Pour un dormeur qui a déjà investi dans un matelas ou un surmatelas rafraîchissant, ces travaux suggèrent de vérifier ensuite ce qui se passe autour du matelas : fréquence d'aération de la pièce, présence d'un humidificateur ou d'un déshumidificateur selon les saisons, et isolation phonique de la chambre.

Ce qu'il faut retenir

La littérature scientifique récente associe la qualité du sommeil à un ensemble de variables mesurables dans la chambre (température, humidité, CO2 et bruit), et pas à la seule literie. L'effet de la température n'est pas linéaire : il reste modeste dans une chambre déjà fraîche et s'accélère au-delà d'un seuil situé autour de 25 à 27°C. Le CO2 et le bruit pèsent, dans l'étude américaine citée plus haut, au moins autant que la température sur l'efficacité du sommeil mesurée par actigraphe.

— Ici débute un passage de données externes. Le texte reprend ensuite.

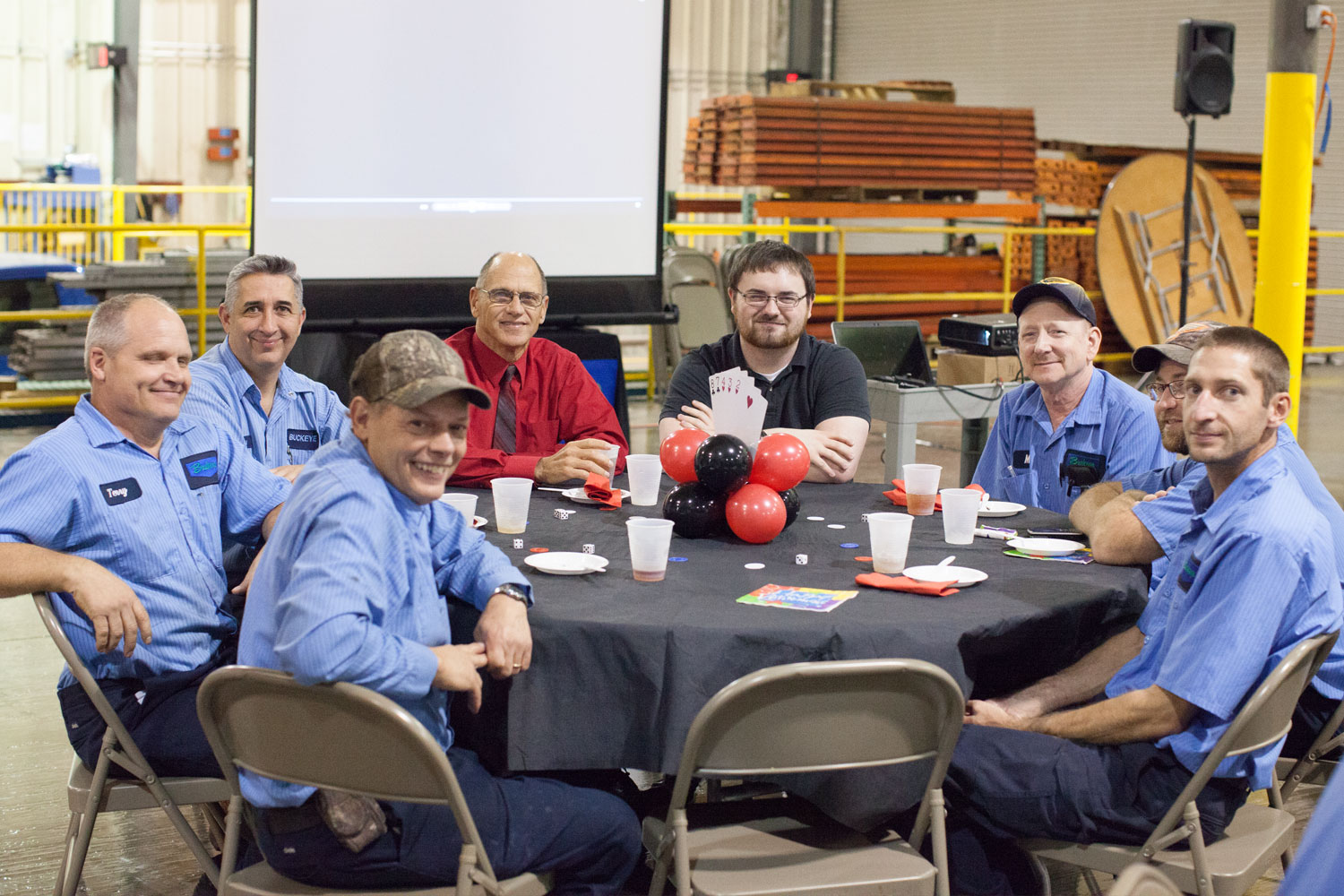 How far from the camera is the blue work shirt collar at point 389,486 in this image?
7.29 feet

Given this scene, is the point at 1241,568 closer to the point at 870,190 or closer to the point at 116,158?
the point at 870,190

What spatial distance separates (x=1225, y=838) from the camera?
94.4 inches

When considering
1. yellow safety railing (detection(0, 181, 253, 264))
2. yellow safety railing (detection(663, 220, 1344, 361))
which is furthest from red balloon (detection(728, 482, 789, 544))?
yellow safety railing (detection(0, 181, 253, 264))

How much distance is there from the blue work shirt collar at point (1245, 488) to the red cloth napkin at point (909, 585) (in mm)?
512

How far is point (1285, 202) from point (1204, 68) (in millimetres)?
1024

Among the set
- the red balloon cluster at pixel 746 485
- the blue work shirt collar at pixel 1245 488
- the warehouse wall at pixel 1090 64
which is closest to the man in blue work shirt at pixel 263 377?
the red balloon cluster at pixel 746 485

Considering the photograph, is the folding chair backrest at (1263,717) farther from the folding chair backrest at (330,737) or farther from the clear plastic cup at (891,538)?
the folding chair backrest at (330,737)

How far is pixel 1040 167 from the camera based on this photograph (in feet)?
42.7

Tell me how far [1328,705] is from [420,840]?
1914mm

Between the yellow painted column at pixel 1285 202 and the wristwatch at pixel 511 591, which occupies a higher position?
the yellow painted column at pixel 1285 202

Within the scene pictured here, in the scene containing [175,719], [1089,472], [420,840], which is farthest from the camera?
[1089,472]

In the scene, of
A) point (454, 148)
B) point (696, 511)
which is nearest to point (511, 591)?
point (696, 511)

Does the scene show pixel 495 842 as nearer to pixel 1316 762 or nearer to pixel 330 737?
pixel 330 737

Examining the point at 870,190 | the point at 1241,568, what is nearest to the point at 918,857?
the point at 1241,568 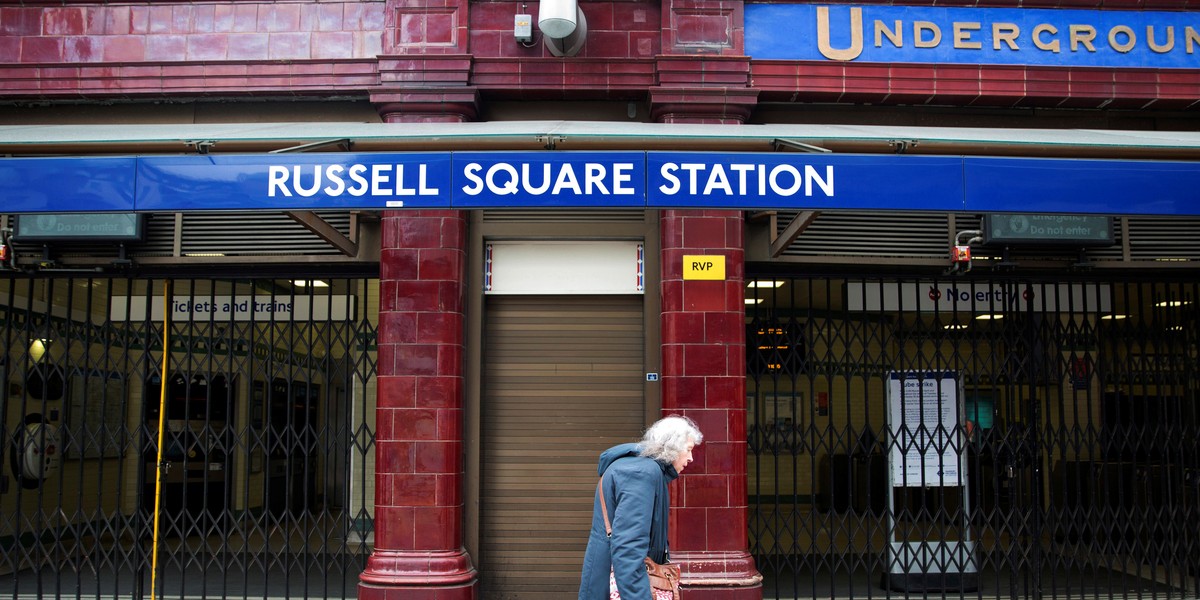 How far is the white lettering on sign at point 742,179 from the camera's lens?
5.41 m

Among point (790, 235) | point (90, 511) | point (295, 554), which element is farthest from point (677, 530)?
point (90, 511)

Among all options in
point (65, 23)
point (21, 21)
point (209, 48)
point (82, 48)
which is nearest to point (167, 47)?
point (209, 48)

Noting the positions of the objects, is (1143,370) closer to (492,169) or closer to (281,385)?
(492,169)

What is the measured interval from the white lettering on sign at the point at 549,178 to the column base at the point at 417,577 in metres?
3.59

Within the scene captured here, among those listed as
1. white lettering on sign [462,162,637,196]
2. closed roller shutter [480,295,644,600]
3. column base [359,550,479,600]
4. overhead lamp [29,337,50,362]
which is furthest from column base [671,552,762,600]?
overhead lamp [29,337,50,362]

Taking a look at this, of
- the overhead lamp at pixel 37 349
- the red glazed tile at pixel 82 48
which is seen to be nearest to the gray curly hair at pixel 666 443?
the red glazed tile at pixel 82 48

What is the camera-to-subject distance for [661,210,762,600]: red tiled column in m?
7.88

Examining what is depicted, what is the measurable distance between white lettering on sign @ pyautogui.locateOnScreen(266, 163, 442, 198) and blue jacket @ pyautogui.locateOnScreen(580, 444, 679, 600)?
183cm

Un point reste un angle mort à mesurer : aucune de ces études ne porte sur des chambres françaises, et il n'existe pas à ce jour de données publiques équivalentes, croisant température, humidité et CO2 réels avec le sommeil mesuré, pour la population française. Tant que cette mesure n'existe pas, les seuils utiles à un dormeur en France restent une extrapolation prudente de travaux menés ailleurs.

Sources

  • Sleep Initiative Trends for 2026, Global Wellness Institute, 30 mars 2026. Rapport de synthèse citant les études primaires ci-dessous. Lire le rapport.

  • Basner M., Smith M.G., Jones C.W. et al., « Associations of bedroom PM2.5, CO2, temperature, humidity, and noise with sleep : an observational actigraphy study », Sleep Health: Journal of the National Sleep Foundation, vol. 9, n°3, 2023. Etude américaine, 62 participants suivis 14 nuits consécutives par actigraphie. Lire le résumé.

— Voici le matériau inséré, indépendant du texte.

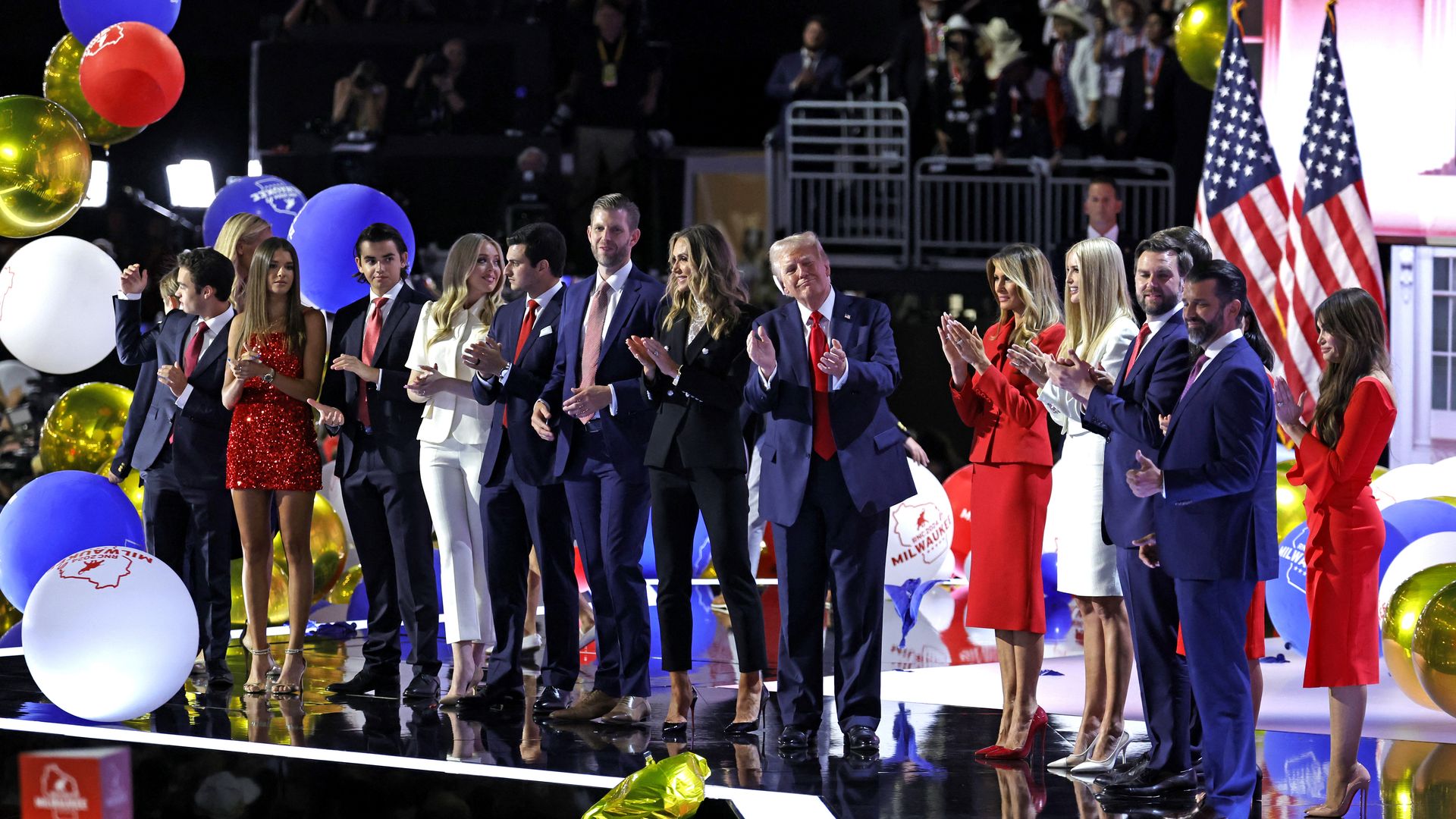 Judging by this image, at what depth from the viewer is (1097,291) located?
493cm

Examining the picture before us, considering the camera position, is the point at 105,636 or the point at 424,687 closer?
the point at 105,636

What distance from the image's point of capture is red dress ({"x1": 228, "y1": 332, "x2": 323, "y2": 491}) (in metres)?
5.97

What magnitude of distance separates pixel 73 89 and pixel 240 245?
5.84 feet

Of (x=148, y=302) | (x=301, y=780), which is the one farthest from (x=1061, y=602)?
(x=148, y=302)

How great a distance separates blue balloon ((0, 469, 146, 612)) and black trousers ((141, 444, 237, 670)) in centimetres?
48

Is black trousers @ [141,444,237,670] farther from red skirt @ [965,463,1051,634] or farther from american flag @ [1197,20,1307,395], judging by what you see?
american flag @ [1197,20,1307,395]

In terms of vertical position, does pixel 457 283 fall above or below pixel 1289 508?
above

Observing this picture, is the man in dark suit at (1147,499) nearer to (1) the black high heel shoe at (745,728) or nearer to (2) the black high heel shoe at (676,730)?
(1) the black high heel shoe at (745,728)

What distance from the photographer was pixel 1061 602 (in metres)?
8.52

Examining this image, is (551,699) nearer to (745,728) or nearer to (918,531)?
(745,728)

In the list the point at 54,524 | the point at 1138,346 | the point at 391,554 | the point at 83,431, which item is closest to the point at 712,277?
the point at 1138,346

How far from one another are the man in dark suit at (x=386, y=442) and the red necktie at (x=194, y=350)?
48cm

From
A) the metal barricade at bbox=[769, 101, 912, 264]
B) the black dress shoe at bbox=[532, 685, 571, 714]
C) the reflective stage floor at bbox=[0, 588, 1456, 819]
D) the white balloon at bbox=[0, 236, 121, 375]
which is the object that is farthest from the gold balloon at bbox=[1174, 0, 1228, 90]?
the white balloon at bbox=[0, 236, 121, 375]

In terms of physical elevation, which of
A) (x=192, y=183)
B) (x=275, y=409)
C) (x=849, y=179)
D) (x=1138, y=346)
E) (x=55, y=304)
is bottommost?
(x=275, y=409) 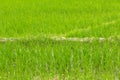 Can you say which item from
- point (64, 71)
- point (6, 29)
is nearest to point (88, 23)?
point (6, 29)

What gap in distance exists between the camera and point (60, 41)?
6086 millimetres

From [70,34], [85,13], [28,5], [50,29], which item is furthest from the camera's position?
[28,5]

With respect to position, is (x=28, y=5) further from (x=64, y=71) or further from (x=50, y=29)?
(x=64, y=71)

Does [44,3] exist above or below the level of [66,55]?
below

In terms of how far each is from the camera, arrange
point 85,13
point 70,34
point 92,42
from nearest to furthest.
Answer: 1. point 92,42
2. point 70,34
3. point 85,13

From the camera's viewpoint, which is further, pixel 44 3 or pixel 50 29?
pixel 44 3

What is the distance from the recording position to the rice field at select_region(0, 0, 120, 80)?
15.1 feet

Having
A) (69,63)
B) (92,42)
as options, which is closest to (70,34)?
(92,42)

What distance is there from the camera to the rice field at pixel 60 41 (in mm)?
4602

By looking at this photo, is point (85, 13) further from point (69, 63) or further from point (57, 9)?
point (69, 63)

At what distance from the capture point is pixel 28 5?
10.0 metres

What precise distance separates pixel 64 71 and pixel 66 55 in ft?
1.16

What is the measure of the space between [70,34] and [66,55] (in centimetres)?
171

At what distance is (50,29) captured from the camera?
A: 7113mm
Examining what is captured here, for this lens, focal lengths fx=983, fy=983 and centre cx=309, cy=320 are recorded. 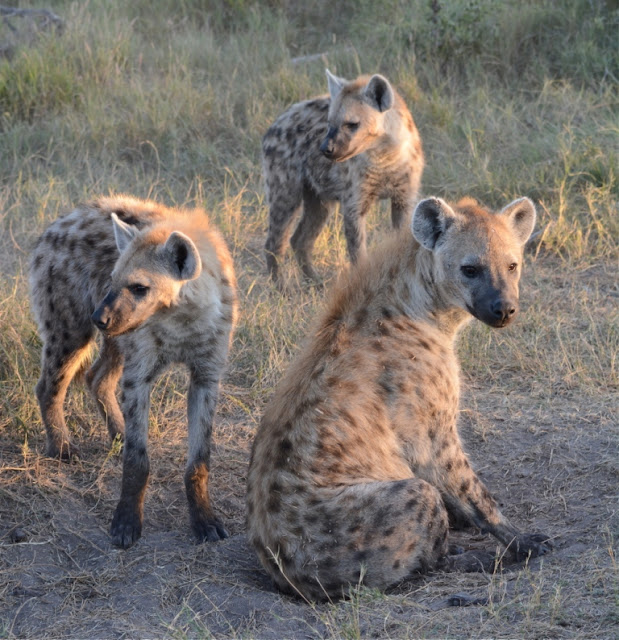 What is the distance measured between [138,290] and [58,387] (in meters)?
0.75

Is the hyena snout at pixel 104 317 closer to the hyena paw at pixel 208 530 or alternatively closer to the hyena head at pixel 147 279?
the hyena head at pixel 147 279

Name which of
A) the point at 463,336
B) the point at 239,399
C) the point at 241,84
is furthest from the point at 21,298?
the point at 241,84

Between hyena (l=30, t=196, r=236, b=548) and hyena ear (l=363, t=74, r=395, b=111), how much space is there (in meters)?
1.75

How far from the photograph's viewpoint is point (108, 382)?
147 inches

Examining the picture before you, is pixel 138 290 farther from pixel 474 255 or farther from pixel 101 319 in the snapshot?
pixel 474 255

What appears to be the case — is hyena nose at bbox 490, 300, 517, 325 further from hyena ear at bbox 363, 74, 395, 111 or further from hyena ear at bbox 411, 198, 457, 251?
hyena ear at bbox 363, 74, 395, 111

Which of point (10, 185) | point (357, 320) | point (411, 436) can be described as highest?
point (357, 320)

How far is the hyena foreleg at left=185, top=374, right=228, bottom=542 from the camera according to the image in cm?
316

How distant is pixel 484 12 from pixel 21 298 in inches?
155

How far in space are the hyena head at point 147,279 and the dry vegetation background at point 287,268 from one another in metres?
0.72

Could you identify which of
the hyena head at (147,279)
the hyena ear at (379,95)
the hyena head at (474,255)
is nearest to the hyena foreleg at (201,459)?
the hyena head at (147,279)

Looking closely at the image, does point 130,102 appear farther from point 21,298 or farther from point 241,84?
point 21,298

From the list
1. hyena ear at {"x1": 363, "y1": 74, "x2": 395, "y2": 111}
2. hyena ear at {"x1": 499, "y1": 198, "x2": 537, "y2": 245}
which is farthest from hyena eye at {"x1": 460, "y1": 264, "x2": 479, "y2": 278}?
hyena ear at {"x1": 363, "y1": 74, "x2": 395, "y2": 111}

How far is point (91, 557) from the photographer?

  • Chevance G., Minor K., Vielma C. et al., « A systematic review of ambient heat and sleep in a warming climate », Sleep Medicine Reviews, vol. 75, 2024. Revue de 36 études internationales sur la chaleur ambiante et le sommeil. Lire l'étude.

  • Buonanno G., Canale L., Solomon M., Smith M.G., Stabile L., « Effect of bedroom environment on sleep and physiological parameters for individuals with good sleep quality : a pilot study », Building and Environment, vol. 265, 2024. Etude pilote, échantillon restreint de dormeurs à bonne qualité de sommeil de base. Lire l'étude.